The programs that deal with ICD-9 to ICD-10 are a good example at enhancing XML data using relational tables as references. XQuery is very powerful at dealing both with tree-like data, as in XML or EDI, and relational data. The ICD-9, ICD-10, and 9-to-10 maps are all stored as relational data. This gives us the fast lookup speed over regular tables that relational databases provide, with a minimum of coding. A small piece of code like this:
collection("ICD-10")/ICD-10[CODE = $icd10code] returns the ICD-10 record whose ICD-10 code value is in the $icd10code variable. There is no marshalling of data, no string substitutions, just the simple logic.

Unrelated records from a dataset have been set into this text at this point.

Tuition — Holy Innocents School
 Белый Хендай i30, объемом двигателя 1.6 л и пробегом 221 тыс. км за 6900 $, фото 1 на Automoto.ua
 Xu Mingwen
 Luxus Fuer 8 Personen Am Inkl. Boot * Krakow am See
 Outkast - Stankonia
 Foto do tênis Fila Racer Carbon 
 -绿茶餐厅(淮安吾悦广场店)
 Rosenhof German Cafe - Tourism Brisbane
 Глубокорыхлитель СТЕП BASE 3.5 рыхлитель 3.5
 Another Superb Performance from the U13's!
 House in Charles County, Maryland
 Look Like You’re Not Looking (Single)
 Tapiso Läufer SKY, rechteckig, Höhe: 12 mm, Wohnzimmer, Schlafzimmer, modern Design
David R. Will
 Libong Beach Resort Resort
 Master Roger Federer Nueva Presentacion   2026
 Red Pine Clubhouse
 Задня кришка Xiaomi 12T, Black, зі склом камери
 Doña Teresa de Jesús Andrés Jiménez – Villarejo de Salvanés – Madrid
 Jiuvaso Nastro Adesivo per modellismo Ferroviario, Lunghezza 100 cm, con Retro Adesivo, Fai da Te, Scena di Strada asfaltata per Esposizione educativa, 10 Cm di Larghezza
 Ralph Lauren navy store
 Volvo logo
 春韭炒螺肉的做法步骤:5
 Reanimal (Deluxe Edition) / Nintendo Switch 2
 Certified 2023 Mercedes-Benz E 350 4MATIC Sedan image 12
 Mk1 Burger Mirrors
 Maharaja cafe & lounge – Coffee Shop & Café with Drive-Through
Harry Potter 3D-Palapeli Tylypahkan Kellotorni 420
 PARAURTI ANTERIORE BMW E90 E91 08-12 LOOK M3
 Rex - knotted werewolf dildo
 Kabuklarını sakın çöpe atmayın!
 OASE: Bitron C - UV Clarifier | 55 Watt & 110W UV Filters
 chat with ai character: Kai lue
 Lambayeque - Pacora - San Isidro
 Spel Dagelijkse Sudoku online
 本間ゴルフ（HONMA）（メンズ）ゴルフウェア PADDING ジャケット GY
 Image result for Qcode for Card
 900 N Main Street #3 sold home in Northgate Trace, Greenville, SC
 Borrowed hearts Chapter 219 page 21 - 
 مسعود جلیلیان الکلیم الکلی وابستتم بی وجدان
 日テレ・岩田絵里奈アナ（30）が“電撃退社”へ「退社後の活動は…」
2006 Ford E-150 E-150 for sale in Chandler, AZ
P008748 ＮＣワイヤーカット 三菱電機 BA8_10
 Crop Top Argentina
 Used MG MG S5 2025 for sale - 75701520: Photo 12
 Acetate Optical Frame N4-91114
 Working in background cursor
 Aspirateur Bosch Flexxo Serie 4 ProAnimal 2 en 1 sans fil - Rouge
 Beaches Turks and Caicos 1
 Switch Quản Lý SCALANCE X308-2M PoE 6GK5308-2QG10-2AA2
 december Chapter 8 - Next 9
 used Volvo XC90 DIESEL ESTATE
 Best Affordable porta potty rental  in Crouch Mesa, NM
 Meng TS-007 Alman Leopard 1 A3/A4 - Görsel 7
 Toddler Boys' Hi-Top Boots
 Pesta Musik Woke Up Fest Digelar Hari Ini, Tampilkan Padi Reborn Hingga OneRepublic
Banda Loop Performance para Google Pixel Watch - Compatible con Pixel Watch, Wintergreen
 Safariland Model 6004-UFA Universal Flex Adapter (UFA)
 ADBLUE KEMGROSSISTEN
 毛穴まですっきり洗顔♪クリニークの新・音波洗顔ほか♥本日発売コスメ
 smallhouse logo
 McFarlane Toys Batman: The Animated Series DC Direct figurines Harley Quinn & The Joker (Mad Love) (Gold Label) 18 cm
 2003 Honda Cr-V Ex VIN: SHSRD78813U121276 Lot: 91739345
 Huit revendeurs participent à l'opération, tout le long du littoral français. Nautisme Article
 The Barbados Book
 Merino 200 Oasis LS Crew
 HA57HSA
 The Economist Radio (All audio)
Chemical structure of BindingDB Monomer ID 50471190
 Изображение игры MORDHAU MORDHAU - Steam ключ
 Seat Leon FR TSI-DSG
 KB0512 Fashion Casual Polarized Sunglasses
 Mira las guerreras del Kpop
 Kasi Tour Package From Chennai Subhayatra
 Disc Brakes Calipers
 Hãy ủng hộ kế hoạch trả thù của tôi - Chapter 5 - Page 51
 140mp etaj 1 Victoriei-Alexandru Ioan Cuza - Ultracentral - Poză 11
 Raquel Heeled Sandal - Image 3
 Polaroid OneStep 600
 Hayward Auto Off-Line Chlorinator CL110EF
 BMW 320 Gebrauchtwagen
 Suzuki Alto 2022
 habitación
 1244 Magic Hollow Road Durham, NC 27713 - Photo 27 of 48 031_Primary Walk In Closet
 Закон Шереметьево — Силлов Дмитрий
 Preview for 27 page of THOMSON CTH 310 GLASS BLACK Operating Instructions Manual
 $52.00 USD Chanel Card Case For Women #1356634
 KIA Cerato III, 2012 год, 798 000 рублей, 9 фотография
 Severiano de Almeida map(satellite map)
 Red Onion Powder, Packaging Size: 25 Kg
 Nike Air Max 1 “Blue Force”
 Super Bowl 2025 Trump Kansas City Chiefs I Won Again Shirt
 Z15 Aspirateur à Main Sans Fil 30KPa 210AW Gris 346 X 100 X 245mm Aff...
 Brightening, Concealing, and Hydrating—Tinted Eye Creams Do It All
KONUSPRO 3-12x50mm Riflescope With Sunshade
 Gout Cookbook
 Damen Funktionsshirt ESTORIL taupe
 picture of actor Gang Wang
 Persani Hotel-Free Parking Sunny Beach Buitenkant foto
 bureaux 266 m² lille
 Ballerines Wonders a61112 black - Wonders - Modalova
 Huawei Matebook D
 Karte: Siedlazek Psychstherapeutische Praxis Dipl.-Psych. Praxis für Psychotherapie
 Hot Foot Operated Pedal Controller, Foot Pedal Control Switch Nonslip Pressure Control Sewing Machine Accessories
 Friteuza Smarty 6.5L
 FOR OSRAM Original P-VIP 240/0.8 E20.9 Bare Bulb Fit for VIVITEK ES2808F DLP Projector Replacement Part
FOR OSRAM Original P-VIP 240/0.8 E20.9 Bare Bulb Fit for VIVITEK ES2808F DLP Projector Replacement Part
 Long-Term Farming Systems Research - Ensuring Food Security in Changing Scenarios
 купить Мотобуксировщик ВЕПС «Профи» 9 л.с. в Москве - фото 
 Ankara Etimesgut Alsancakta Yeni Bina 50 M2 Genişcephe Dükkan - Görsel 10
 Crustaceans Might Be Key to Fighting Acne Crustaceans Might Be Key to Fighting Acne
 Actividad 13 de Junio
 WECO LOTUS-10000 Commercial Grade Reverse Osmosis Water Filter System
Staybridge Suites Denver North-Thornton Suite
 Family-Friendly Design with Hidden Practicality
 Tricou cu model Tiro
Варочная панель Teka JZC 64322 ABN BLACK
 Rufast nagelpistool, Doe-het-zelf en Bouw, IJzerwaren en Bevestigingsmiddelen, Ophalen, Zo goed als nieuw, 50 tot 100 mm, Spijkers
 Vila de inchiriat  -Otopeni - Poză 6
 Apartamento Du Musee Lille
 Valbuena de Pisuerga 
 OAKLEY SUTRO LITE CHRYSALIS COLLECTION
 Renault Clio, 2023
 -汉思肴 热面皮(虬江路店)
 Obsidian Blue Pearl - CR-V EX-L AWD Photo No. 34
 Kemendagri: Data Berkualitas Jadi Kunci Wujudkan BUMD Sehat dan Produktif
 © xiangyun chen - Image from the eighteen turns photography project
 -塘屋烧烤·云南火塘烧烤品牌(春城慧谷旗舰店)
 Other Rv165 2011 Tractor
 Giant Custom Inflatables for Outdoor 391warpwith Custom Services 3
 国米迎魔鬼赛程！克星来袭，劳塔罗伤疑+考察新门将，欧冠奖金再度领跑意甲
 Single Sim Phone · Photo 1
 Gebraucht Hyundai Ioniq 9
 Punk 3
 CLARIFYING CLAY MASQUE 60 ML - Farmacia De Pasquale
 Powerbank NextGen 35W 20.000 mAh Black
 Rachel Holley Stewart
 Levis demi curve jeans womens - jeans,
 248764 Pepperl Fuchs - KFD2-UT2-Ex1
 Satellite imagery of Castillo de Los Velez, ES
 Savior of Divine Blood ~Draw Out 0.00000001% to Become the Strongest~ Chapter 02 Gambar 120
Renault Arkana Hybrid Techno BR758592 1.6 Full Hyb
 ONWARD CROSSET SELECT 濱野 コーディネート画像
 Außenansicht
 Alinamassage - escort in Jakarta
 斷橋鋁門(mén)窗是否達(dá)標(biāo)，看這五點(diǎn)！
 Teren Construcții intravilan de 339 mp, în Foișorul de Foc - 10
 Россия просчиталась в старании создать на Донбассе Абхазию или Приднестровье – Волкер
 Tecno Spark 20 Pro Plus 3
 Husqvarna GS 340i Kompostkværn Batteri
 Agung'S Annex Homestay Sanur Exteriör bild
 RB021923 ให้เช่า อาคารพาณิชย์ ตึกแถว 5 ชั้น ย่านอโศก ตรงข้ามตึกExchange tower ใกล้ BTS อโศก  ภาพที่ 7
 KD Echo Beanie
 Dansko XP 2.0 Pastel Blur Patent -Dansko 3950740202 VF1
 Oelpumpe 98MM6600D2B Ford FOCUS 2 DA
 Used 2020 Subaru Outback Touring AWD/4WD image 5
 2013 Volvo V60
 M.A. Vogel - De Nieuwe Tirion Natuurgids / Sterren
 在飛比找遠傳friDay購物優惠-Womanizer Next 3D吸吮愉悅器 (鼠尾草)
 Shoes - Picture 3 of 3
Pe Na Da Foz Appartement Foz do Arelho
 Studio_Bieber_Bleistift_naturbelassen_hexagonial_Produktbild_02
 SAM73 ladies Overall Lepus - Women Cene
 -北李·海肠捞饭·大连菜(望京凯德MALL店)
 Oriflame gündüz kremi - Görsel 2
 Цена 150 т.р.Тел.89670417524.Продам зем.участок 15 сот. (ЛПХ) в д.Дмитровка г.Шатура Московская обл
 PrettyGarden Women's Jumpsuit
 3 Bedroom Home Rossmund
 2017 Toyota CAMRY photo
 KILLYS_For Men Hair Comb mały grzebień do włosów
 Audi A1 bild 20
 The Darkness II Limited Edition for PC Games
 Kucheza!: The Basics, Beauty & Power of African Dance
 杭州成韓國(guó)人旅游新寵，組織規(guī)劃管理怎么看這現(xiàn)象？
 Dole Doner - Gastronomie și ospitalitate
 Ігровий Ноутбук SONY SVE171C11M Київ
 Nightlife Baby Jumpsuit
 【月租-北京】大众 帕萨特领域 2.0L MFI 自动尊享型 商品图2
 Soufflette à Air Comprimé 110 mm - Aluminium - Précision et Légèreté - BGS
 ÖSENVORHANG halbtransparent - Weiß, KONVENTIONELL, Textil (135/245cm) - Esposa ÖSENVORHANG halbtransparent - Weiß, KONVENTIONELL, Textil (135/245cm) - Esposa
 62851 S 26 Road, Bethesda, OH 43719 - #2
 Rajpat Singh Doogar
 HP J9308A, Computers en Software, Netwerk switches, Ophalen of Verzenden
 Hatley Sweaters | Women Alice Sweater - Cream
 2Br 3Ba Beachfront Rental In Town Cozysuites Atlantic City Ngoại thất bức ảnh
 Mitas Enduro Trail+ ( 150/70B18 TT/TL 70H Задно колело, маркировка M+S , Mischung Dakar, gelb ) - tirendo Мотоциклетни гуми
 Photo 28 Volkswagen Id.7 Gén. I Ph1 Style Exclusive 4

The XQuery programs including in the toolkit are sufficient to convert all of the samples that come with the 4010 documentation into valid 5010 files. Your mileage may vary - these are a good starting point, but no doubt for your specific application they will need some tweaking. But isn't it a whole lot easier to change someone else's working program, than to start from scratch?